Posted by on December 22nd, 2011


Ever feel guilty about complaining? Sure the drive through clerk at Wendy’s forgot to remove the tomatoes from my Spicy Chicken sandwich, but do I really want to go back into the store?

And even worse, what if my friends call me cheap for requesting a new sandwich or even worse a refund? Is it worth the reputation as a skinflint to not pick off the tomato slice?

Well instead of complaining to a middle manager, why don’t you take your grievance to a higher authority: God. That’s what one fine citizen of the Roman city Antioch did when he cursed a random grocer in a 1,700 year old screed.

“O thunder-and-lightning-hurling Iao, strike, bind, bind together Babylas the greengrocer,” reads the beginning of one side of the curse tablet. “As you struck the chariot of Pharaoh, so strike his [Babylas’] offensiveness.”

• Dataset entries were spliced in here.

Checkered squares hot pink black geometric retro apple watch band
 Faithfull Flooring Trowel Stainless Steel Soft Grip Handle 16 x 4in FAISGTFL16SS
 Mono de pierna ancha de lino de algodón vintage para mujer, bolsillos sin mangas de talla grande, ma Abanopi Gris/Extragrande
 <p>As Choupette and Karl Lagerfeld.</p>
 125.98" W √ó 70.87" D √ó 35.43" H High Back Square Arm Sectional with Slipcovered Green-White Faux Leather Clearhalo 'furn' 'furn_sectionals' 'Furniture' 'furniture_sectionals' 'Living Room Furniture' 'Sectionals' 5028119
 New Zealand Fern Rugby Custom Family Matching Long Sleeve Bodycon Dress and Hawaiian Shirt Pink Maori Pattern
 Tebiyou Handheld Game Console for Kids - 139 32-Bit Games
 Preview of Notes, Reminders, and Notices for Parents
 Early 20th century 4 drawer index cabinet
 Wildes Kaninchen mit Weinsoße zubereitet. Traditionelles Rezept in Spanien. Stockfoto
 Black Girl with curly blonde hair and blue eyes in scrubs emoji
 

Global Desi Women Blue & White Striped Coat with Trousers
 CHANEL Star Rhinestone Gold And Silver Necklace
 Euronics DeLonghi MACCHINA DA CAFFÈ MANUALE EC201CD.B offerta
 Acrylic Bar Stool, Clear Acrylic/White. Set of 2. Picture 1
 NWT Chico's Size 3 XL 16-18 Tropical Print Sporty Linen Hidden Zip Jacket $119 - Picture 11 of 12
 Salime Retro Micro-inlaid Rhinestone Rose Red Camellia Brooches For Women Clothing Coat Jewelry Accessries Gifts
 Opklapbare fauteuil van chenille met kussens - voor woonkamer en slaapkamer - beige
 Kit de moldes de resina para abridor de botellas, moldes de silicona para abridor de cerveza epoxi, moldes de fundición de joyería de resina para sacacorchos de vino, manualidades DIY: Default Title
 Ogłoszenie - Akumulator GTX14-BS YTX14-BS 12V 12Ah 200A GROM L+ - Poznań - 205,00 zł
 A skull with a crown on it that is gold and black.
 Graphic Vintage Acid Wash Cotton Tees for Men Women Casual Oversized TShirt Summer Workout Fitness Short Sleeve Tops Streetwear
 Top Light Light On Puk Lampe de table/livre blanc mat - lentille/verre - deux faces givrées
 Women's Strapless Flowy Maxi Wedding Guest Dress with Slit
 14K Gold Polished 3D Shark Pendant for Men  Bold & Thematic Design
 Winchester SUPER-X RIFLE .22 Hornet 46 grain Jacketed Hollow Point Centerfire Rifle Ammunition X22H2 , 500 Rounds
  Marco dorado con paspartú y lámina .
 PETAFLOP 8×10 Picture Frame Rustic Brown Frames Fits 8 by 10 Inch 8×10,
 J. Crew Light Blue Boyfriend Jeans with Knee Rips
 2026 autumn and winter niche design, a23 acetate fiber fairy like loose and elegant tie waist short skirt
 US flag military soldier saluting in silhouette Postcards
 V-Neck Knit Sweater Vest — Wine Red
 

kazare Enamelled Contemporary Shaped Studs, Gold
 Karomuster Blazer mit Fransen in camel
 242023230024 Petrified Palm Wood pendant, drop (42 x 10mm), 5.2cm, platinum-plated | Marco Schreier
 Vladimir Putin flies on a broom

Iao is an ol’ fashioned word for God.

So just remember, if you complain about service from a random food worker someone 1,700 years from now might find your complaint and then another person will make fun of you on a digital network inconceivable in your modern era.

[Live Science]

2 Responses to “Petty Hate Never Dies: 1,700-Year-Old Furious Complaint About Grocer Recovered”

  1. Anonymous Says:

    That’s awesome. I should start submitting all of my complaints on curse tablets. Let’s see Comcast dismiss an angry customer when he’s carrying a curse tablet.